Work instruction: Repeat the data exactly. Pictures stay out.

Input data:
== Segment start ==
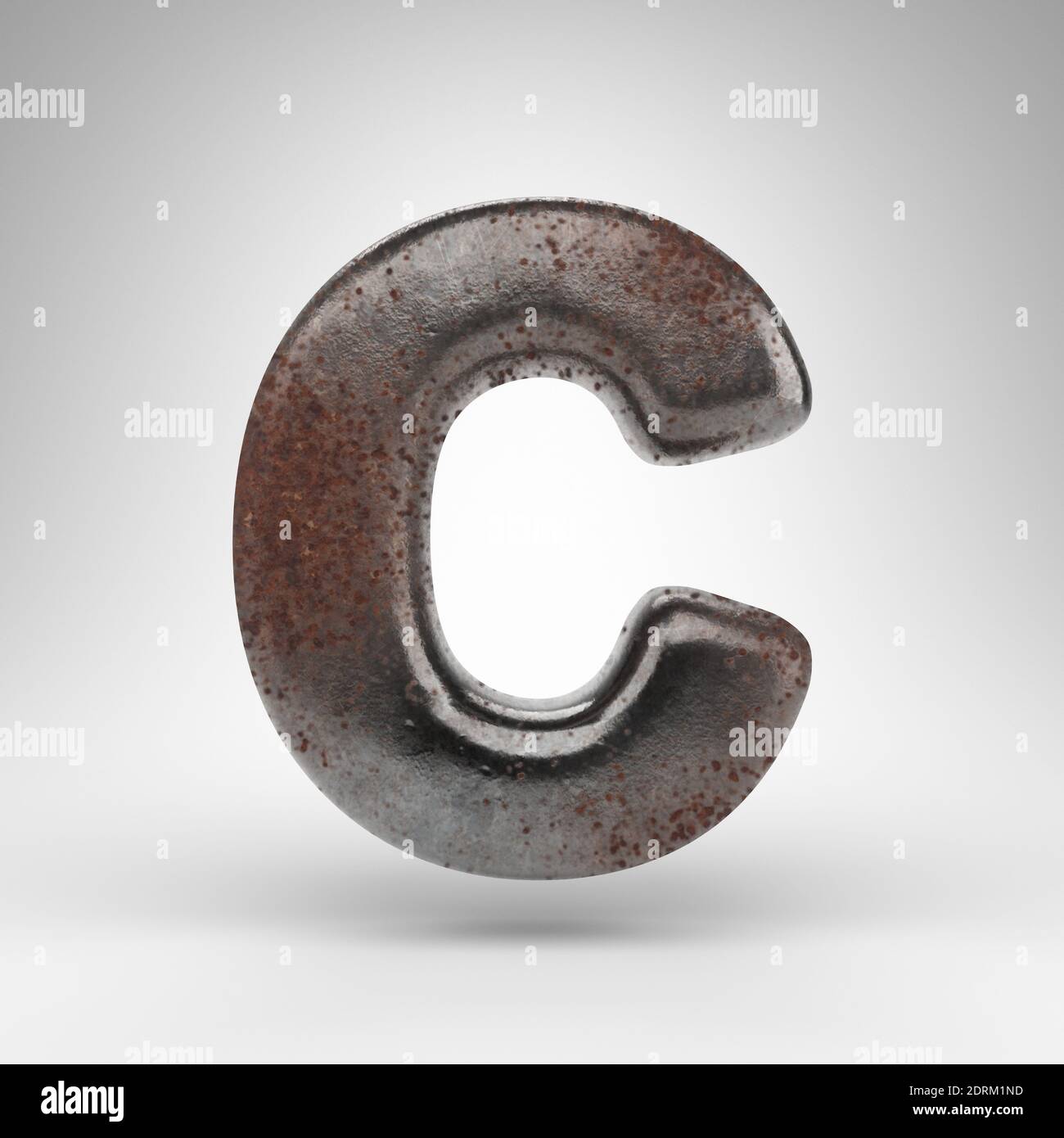 Letter C uppercase on white background. Rusty metal 3D rendered font ...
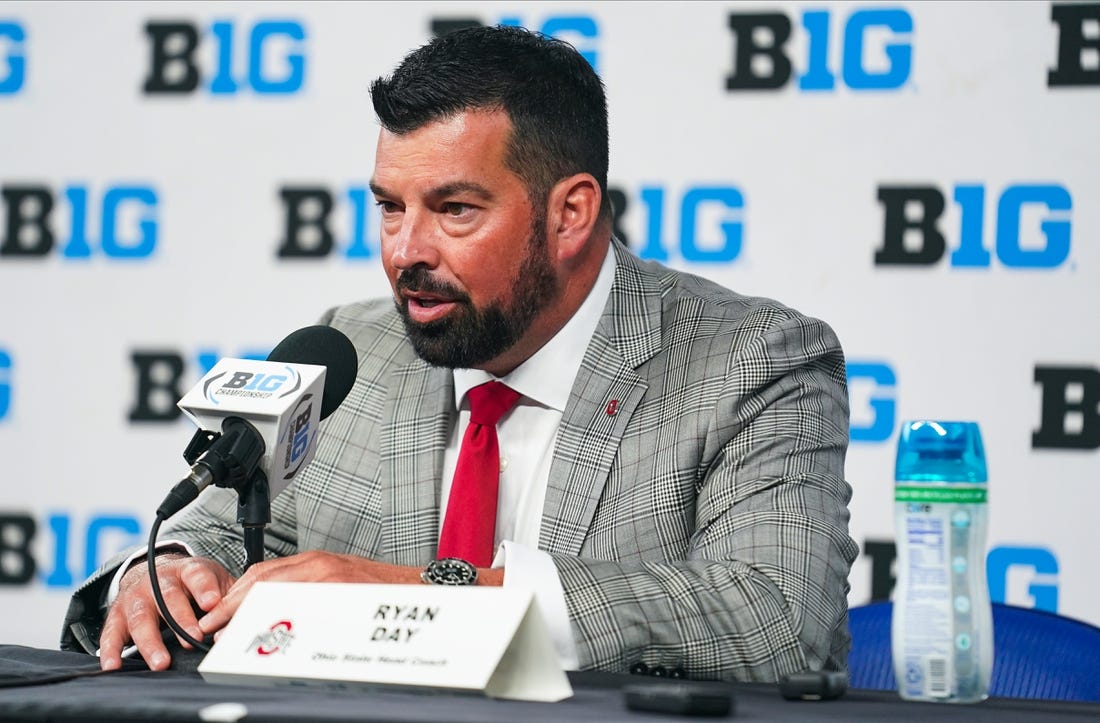 Jul 26, 2023; Indianapolis, IN, USA; Ohio State Buckeyes head coach Ryan Day speaks to the media during the Big 10 football media day at Lucas Oil Stadium. Mandatory Credit: Robert Goddin-USA TODAY Sports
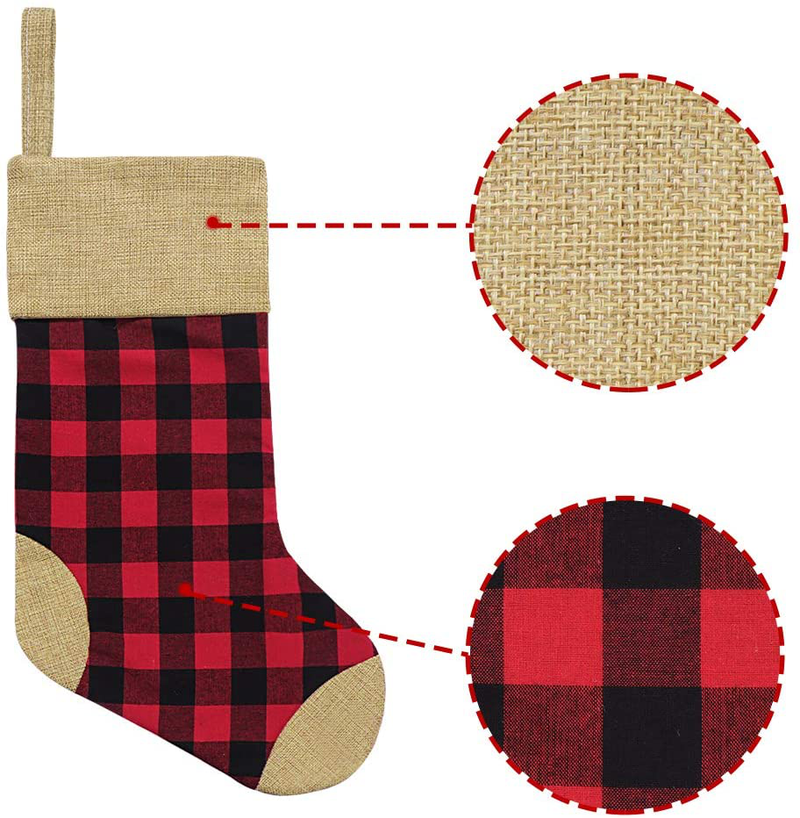 Ivenf Christmas Stockings, 4 Pcs 18 inches Red and Black Buffalo Check Plaid with Burlap Stockings, for Family Holiday Xmas Party Decorations Gift Home & Garden > Decor > Seasonal & Holiday Decorations& Garden > Decor > Seasonal & Holiday Decorations Ivenf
== Segment end ==
Worked solution:
 Letter C uppercase on white background. Rusty metal 3D rendered font ...
 Jul 26, 2023; Indianapolis, IN, USA; Ohio State Buckeyes head coach Ryan Day speaks to the media during the Big 10 football media day at Lucas Oil Stadium. Mandatory Credit: Robert Goddin-USA TODAY Sports
 Ivenf Christmas Stockings, 4 Pcs 18 inches Red and Black Buffalo Check Plaid with Burlap Stockings, for Family Holiday Xmas Party Decorations Gift Home & Garden > Decor > Seasonal & Holiday Decorations& Garden > Decor > Seasonal & Holiday Decorations Ivenf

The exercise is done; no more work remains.